Ненет приняла у повитухи крохотный пищащий сверток и унесла в свой угол, оставив роженицу негромко звать малыша. Умкинэу сразу же придумала ему имя.
– Владимир! Володенька! – чуть слышно шелестела она пересохшими губами.
Сидевшая в стороне Вааль, поразмыслив, поднялась с медвежьей шкуры и подошла к спальному пологу. Присела рядом и стала заботливо промокать влажным мхом пылающее жаром лицо. Женщина схватила ее руки и что-то заговорила на своем языке. Вааль успокаивающе гладила ее по огненным волосам, приговаривая:
– Не бойся… Спи. Все будет хорошо…
Кагот недоверчиво покосился на младшую жену, но ничего не сказал. Может, Вааль и в самом деле прониклась сочувствием к несчастной обезумевшей Умкинэу?
Дни шли за днями, мальчик на материнском молоке рос и крепчал. Вдохновленная присутствием ребенка, Умкинэу понемногу оправлялась. Ноги ее не слушались, но женщина научилась сидеть и теперь, устроившись в пологе на шкурах, когда не занималась с малышом, подолгу задумчиво смотрела перед собой, иногда держа в руке деревянную палочку из саквояжа и делая ею в толстой книге с белыми страницами какие-то пометки.

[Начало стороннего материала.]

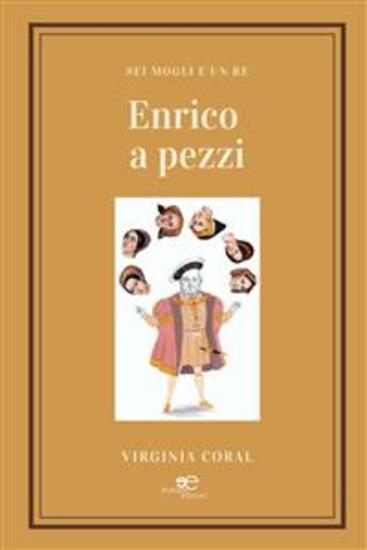Enrico a pezzi- Sei mogli e un re - cover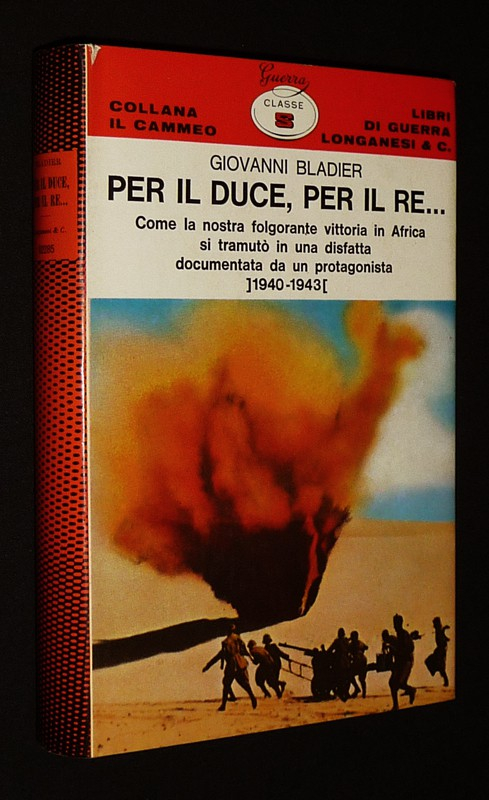 Per il Duce, per il Re...  Come la nostra folgorante vittoria in Africa si tramuto in una disfatta documentata da un protagonista, 1940-1943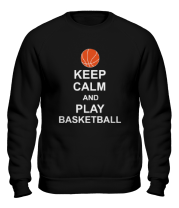 Толстовка без капюшона Keep calm and play basketball фото
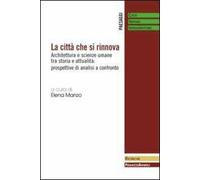 La città che si rinnova. Architettura e scienze umane tra storia e attualità: prospettive di analisi a confronto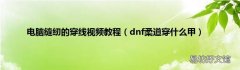 dnf柔道穿什么甲 电脑缝纫的穿线视频教程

Соблюдая договоренность, Илька каждое утро наведывался в юрту Кагота и садился рядом с больной, чтобы выслушать ее просьбы. Переводил Илька одно и то же – говорил, что Умкинэу просит сварить ей сладкий чай. Или что не хочет есть копальхен. Но Каготу все время казалось, что Илька что-то не договаривает и что разговор их с Умкинэу совсем о другом. А еще Кагот стал замечать, что Вааль надолго отлучается из дома и как-то странно переглядывается с Илькой, когда тот бывает у них в гостях.
В одну из лунных ночей Вааль не вернулась домой. Кагот не сразу забеспокоился. Уже и раньше бывало, что, обидевшись непонятно на что, строптивица ночевала в юрте отца – богатого оленного человека Амоса. Амос так любил дочь, что прощал ей любые капризы, но и Кагота уважал, поэтому на следующий день обычно брал Вааль за руку и приводил в юрту мужа. Прождав весь день, но так и не дождавшись возвращения жены, Кагот отправился к Амосу сам.